Published online by Cambridge University Press: 23 November 2009
But how these developments unfolded, what was the causal nexus among them, we shall only learn when we make out the interplay among them by focusing upon a city specifically in all its uniqueness.
Oscar Handlin (1963: 22)Uneven development in urban space has been reproduced all over the world. Space has always been stratified in the history of capitalism and the working class confined to residual land, lacking in basic urban services. However, this is the only universal statement that can be made about capitalist cities. The question is, why space was stratified in different ways in history and among various geographical regions. A study of urban development as the result of class-specific patterns of collective consumption and appropriation of urban space thus differs from one of distributions as approached in traditional and positivist geography. This book focuses on the social forces which have reproduced a spontaneous urban development pattern throughout the Mediterranean, and on its recent transformation through planning and class struggle.

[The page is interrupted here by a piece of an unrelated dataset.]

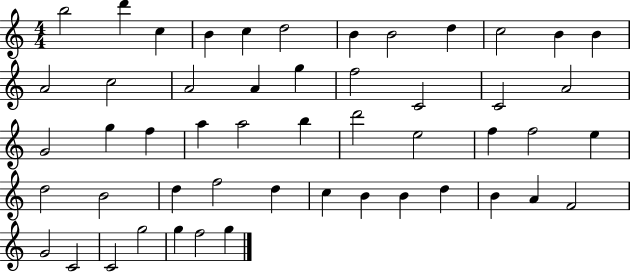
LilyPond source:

Rather than ‘structures’ or ‘patterns’, transition, change, restructuring and development are explored, as produced by human agency rather than by personified State agencies or the impersonal forces of the market. Spontaneous urban movements and informal activities, which have usually been neutralized in social studies, are focused upon. ‘Misery’ has been stressed by sociologists, while planners and political scientists tend to moralize: ‘Unlike the cities of northern and northwestern Europe, Rome cannot build upon historical habits of civic pride, discipline and enterprise’ (Fried 1973: 40).